Daran gibt es nichts zu rütteln: Von allen Himmelskörpern ist die Sonne mit Abstand der wichtigste. Zwar werden dem Mond und den Sternen allgemein mehr Romantik nachgesagt, aber wenn die Sonne gut in Form ist, hält sie sogar in dieser Gefühlssportart mit und versinkt derart dekorativ im Meer, daß auch die Abgebrühtesten nach ihrer Videokamera tasten.
Das Tollste an der Sonne ist aber, zumindest aus der Sicht der Konsumenten, daß sie gratis scheint. Ob arm, ob reich, das ist ihr gleich – sie bestrahlt jeden zum Nulltarif. Ob das sozial gerecht ist, sei dahingestellt. Es wäre jedenfalls keine Überraschung, wenn man bei der nächsten Steuerreform einen Sonnenzuschlag auf die Lohnsteuer in den Raum stellen würde.
Sicher ist, daß die Wirtschaft mit dem wahllosen Verschenken von solaren Dienstleistungen keine Freude hat. Das weiß auch die Sonne, und deshalb läßt sie es mit der Dosierung hapern.
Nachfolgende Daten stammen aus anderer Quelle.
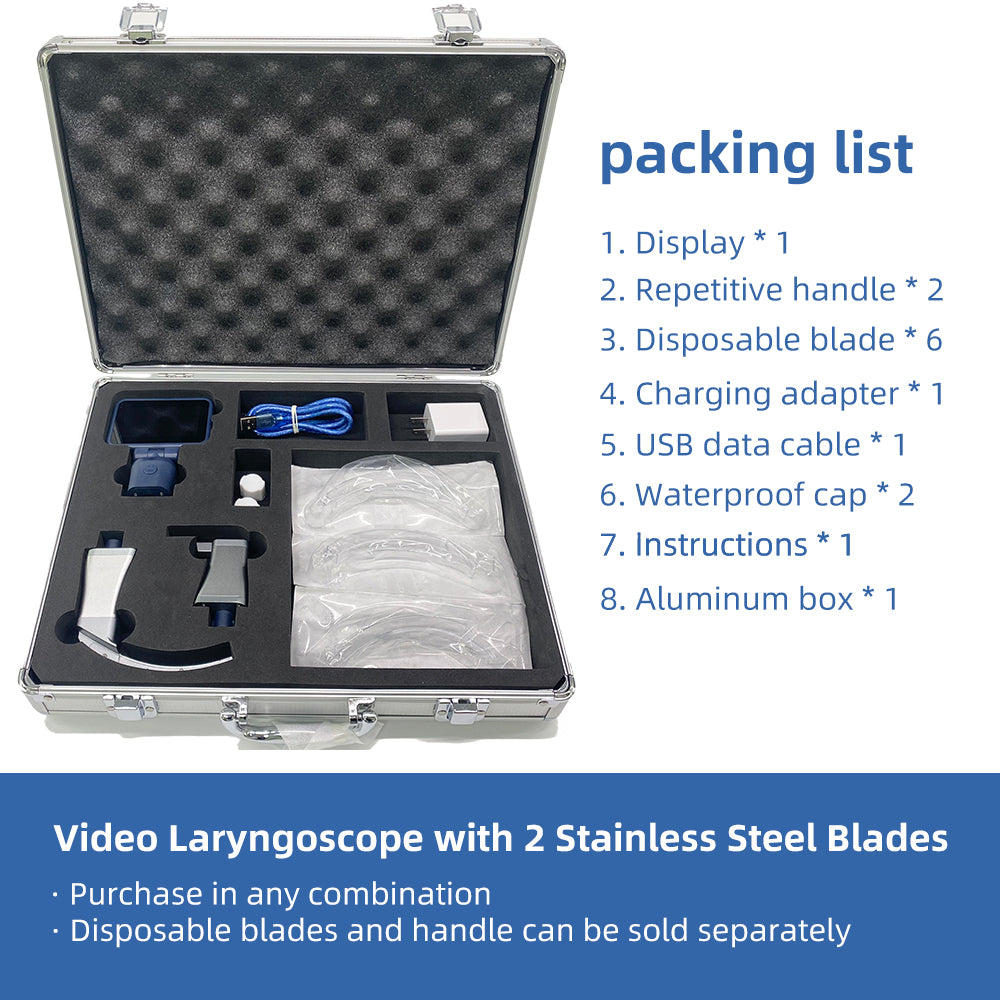 Disposable Video Laryngoscope for Intubation, 3.5 inch Display with 2 Reusable Handles and 6 Disposable Blades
Die Folgen kennen wir aus den täglichen Gesprächen über das Wetter. Meistens scheint die Sonne zu viel, zu wenig oder zur falschen Zeit. Das bringt den Schilling beträchtlich ins Rollen.
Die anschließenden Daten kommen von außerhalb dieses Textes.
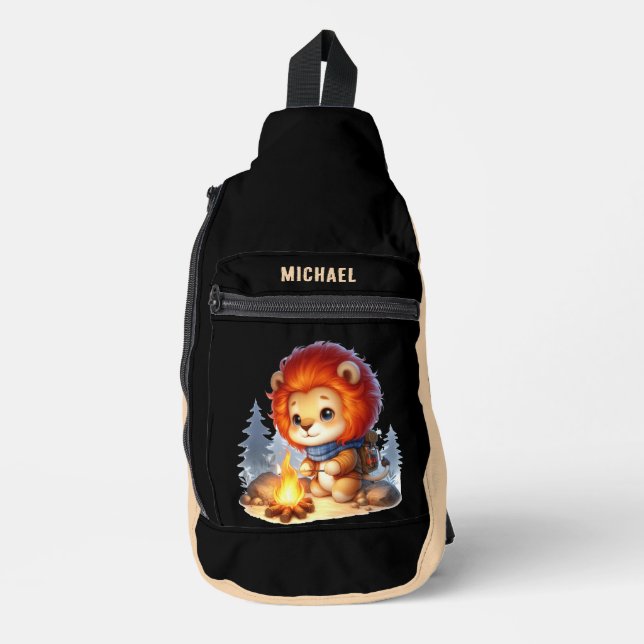 Sac À Bandoulière Enfants mignons camping ajouter nom lion (Recto)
Graue November treiben den Menschen von Welt ins Bräunungsstudio, damit sein Leder nicht ausbleicht. Dreht die Sonne hingegen auf volle Heizleistung, explodiert der Verkauf von Fetten, Ölen und Sonnenbrillen.
Der Idealfall einer Umsatzbelebung schaut so aus: Sonnenmangel am Wohnort treibt Sonnenhungrigen in den Süden (Reisekosten). Dort wirft ihn die Hitze um, weshalb er eine Klimaanlage (Preisaufschlag im Hotel) braucht. Sein Kühlbedarf (schattige Bars, teure Drinks) fördert die regionale Wirtschaft ebenso wie der Kauf luftiger Kleidung. Seine Liebe zur fernen Heimat wächst mit jedem Gedanken an kühle Nächte und erfrischenden Regen. Das sind innere Werte, die nicht zu verachten sind. Das alles macht die Sonne. Wahrlich unser tollster Himmelskörper – da können die Fans von TV-Satelliten sagen, was sie wollen.